Pharmacokinetic Studies of Mofezolac (I) : Absorption, Distribution and Excretion after Oral Administration of ¹⁴C-Mofezolac to Rats.

Abstract

The absorption, distribution and excretion of [3, 4-di(4-methoxyphenyl)-5-isoxazolyl] acetic acid (mofezolac) were studied in rats after a single or repeated oral administration of ¹⁴C-labeled-mofezolac.
1. Concentration of radioactivity in the blood increased rapidly after oral administration, reaching C_max within 15min, and decreased to 1.4% of the maximum level 12hr after administration.
2. Approximately 55% and 39% of radioactivity were excreted during 72hr after administration in urine and feces, respectively.
3. About 62% of radioactivity was excreted in bile. When the bile was administered, about 52% of radioactivity present in the bile was re-absorbed. This result suggested the presence of the entero-hepatic circulation.

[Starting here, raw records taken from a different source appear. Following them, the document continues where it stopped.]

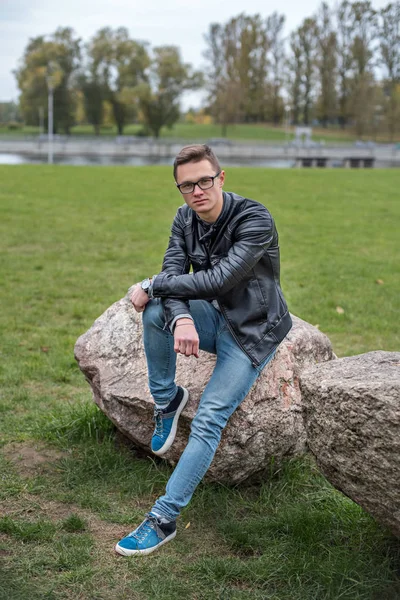 Student in black leather jacket sitting on a stone in the university backyard — Stock Photo, Image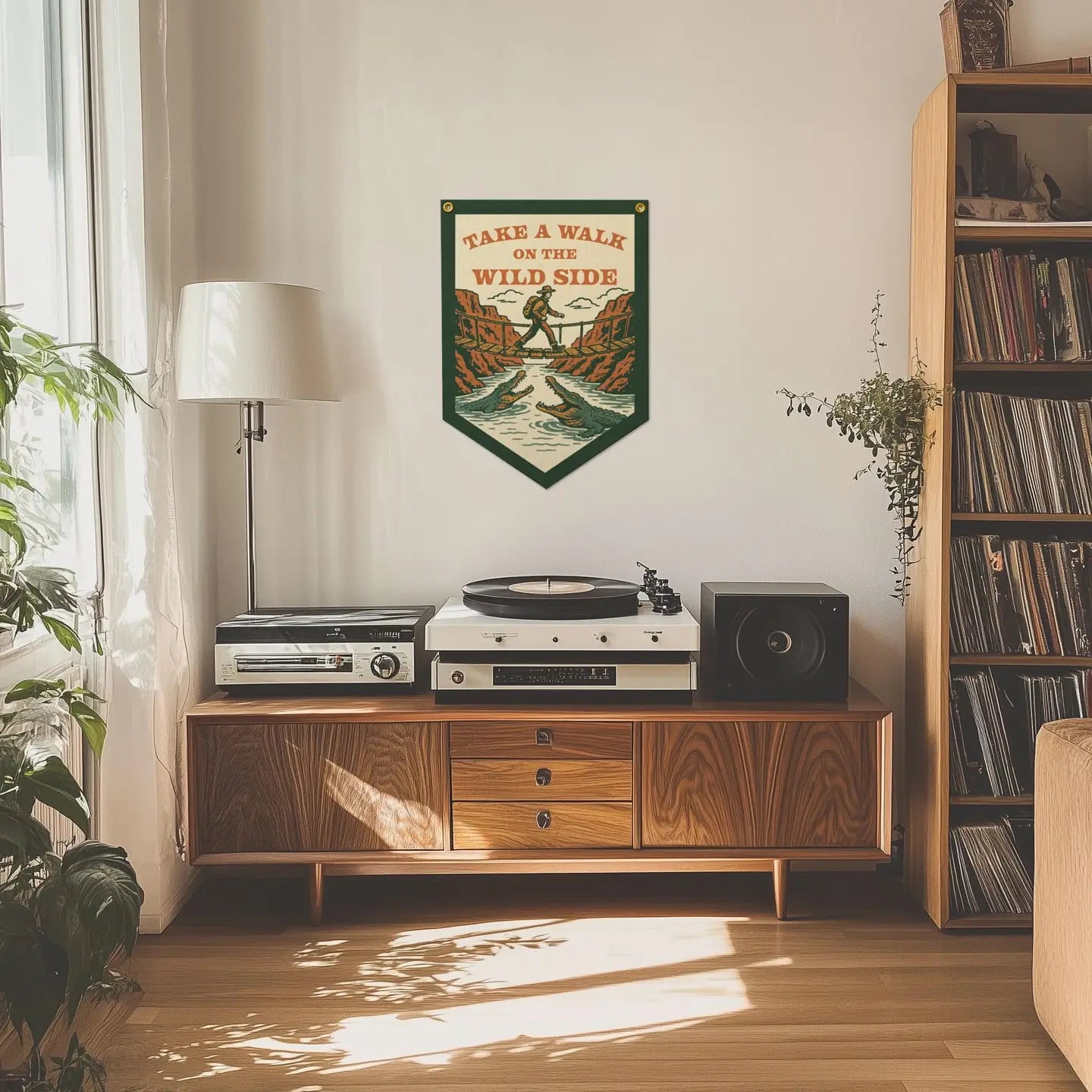 Mid-century cabinet with record player, speaker, lamp; Benoit’s Take A Walk On The Wild Side felt banner hanging above.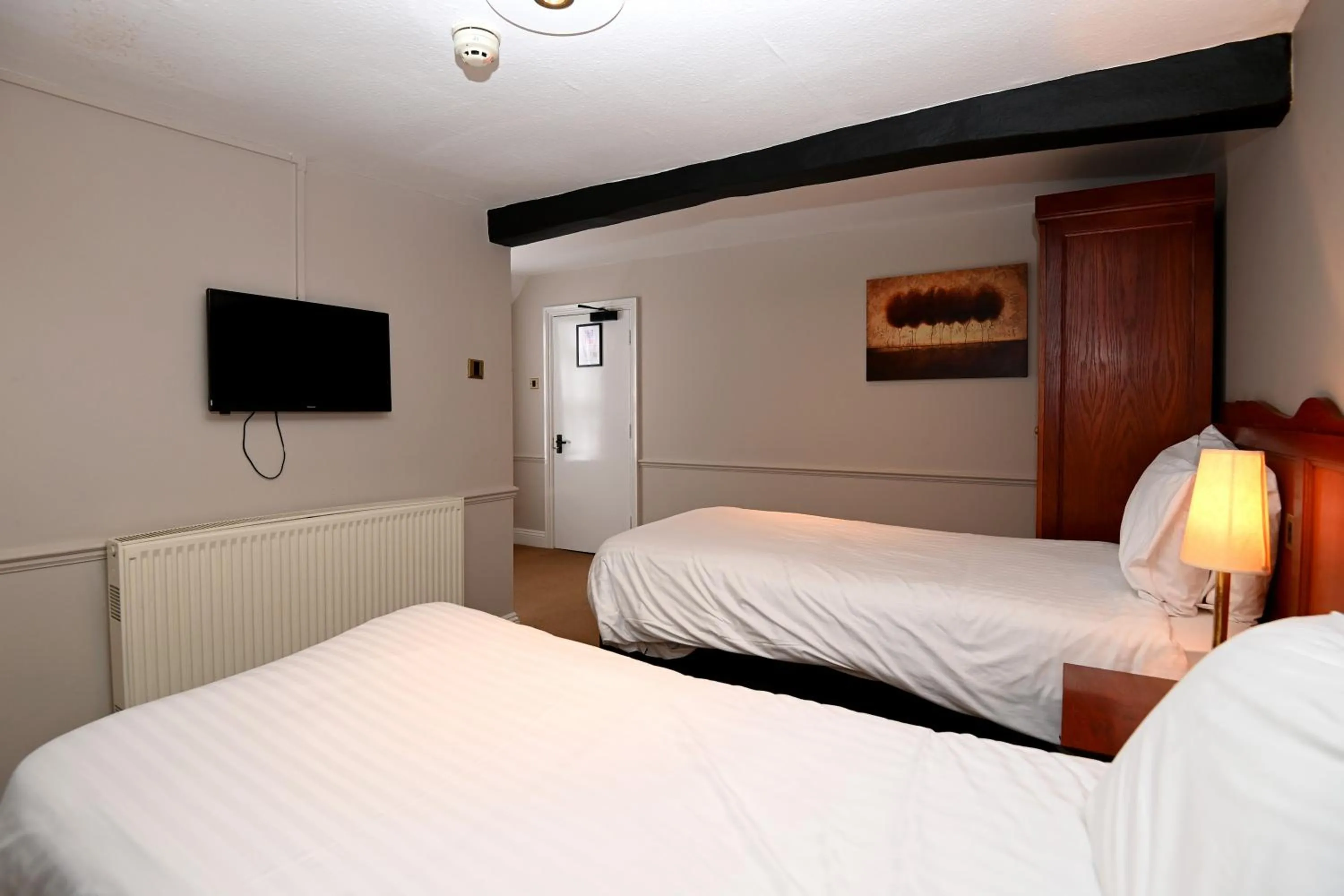 Bedroom, Bed in Original White Hart, Ringwood by Marston's Inns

4. Tissue radioactivity was higher in the stomach, liver and kidney, while the radioactivity in other tissues was lower than that in plasma. Radioactivity disappeared rapidly from any tissue.
5. When female rats were administered ¹⁴C-mofezolac on day 11 or 18 of pregnancy, or slight radioactivity usually lower than in maternal plasma was observed in the fetus. Radioactivity in fetus as well as in maternal tissues disappeared rapidly. Radioactivity in the fetus was not detected at 24hr after administration.6. Concentration of radioactivity in the milk at 2hr after administration to lactating rats reached levels about 5 times higher than that in plasma, however the radioactivity in milk was not detected at 48hr.
7. In case of repeated administration of ¹⁴C-mofezolac for 7 days, the disposition of radioactivity was almost same as the result after a single dosing, and radioactivity scarcely remained in any tissues after the last administration.